The City Council put its stamp of approval on these items Wednesday, Nov. 15. Council members also asked city employees to look into ways to reward the volunteer arts organization that devoted years to the project before the city took it over. Mayor Tony Kranz said members of the group — Encinitas Arts, Culture and Ecology Alliance — ought to be allowed to host classes for free in the arts facility, while Councilmember Joy Lyndes said they should at least receive city recognition for their years of labor at the site.

“It’s my view they were the heart and soul … that really pushed (the project) forward,” she said.

Encinitas purchased the arts facility site — the old Pacific View school — from the Encinitas Union School District in 2014 for $10 million. The property, which stretches across an entire downtown city block on Third Street between E and F streets, hadn’t been used as a school since 2003.

Initially, city officials vowed that the city’s investment would be limited to the $10 million purchase price and the place would be independently managed and funded, but that proved challenging given permitting and insurance issues. Ultimately, after years of hosting volunteer work parties and trying to make the aging building usable, the arts alliance group asked the city to step in and take it over.

The city then hired a contractor in 2022 to completely renovate the building to make it more earthquake-proof, as well as adding a new roof, a fire sprinkler system, flooring, countertops and lighting fixtures. That $4.56 million project currently is scheduled to conclude in June, and the place will then open to the public.

It’s been referred to as the “Pacific View Cultural Arts Center,” but on Wednesday the council decided to drop “cultural” and just call it the Pacific View Arts Center. Councilmember Bruce Ehlers said simpler was better, and other council members stressed that they wanted the place to be as inclusive of all types of artistic activities as possible. Kranz suggested adding surfboard art classes, digital editing programs and quilting instruction to the list of course options.

The facility’s newly approved mission statement declares that the arts center will: “Empower the community to cultivate artistic expression.” Towards that end, each of the building’s eight classroom spaces will have a theme. City employees conducted community surveys and worked with the city’s Arts Commission to develop the room themes, which will be used on a trial basis the first year the center is open.

Rooms 1 and 2 will be the visual arts areas. Classes could include painting, print making and sculpture.

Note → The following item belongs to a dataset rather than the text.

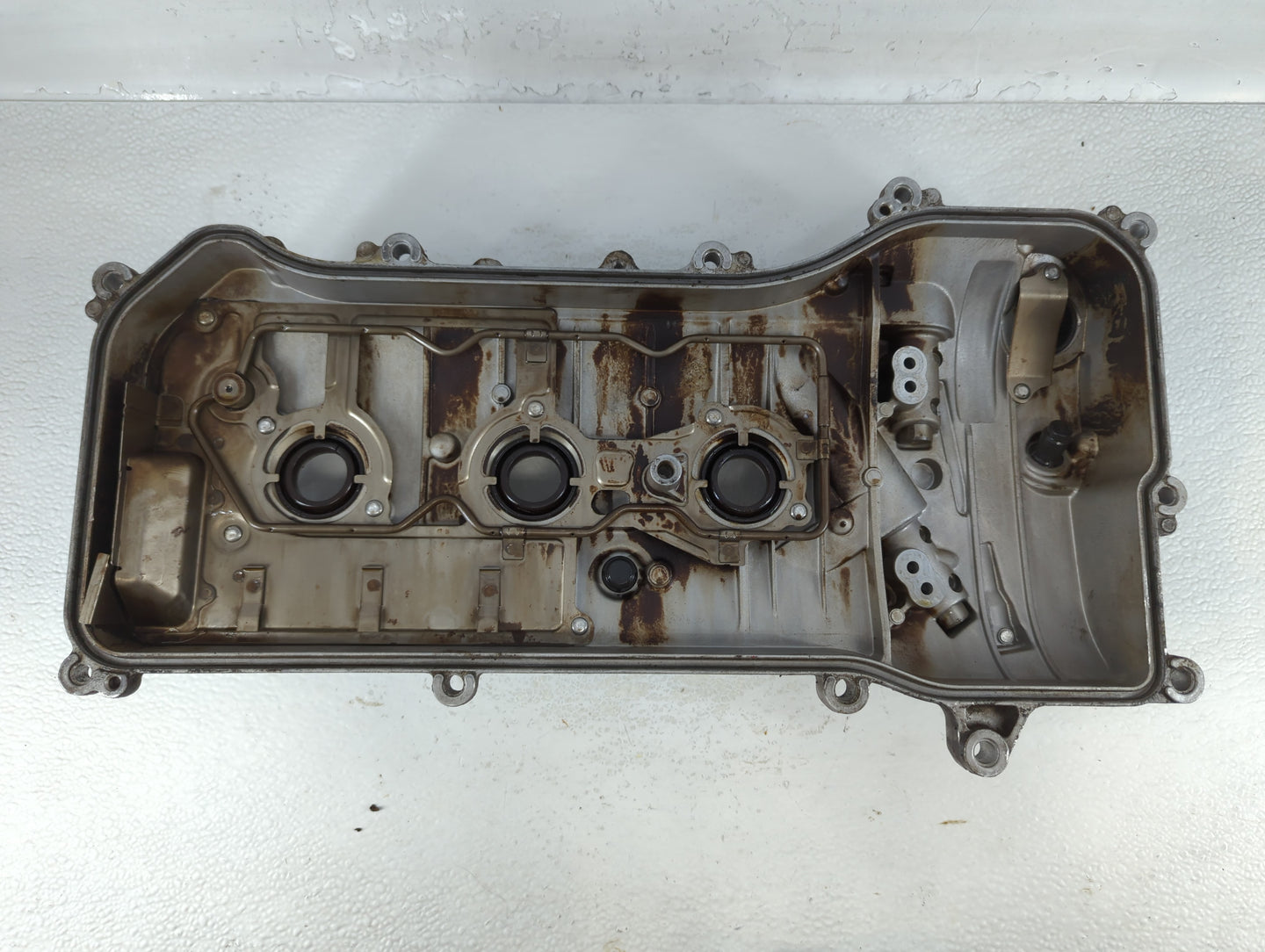 1998 Lexus Es300 Driver Left Cylinder Head Valve Cover Fits OEM Used Auto Parts - Oemusedautoparts1.com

Rooms 3 and 4 will be the performing arts spaces and will have mirrors on the walls. There won’t be room for a small stage, but the rooms could host dance and improvisational theater classes, city employees said.

Rooms 5 and 6 will be dedicated to music and broadcast, and plans call for special lighting and a recording space.

Room 7 will house fibers arts programming — sewing, lacemaking, costume design, weaving, quilting and other fabric-related courses.

The final room, Room 8, will be set aside for literary, healing and floral arts programs.

Initially, the programming at the new arts center may overlap with some of what’s currently occurring at the city’s Community & Senior Center, but that will shift over time, city parks employees said Wednesday. The community center, with its carpeting and large decorative fish tanks, has often been seen more as a meeting room place than a messy arts project area.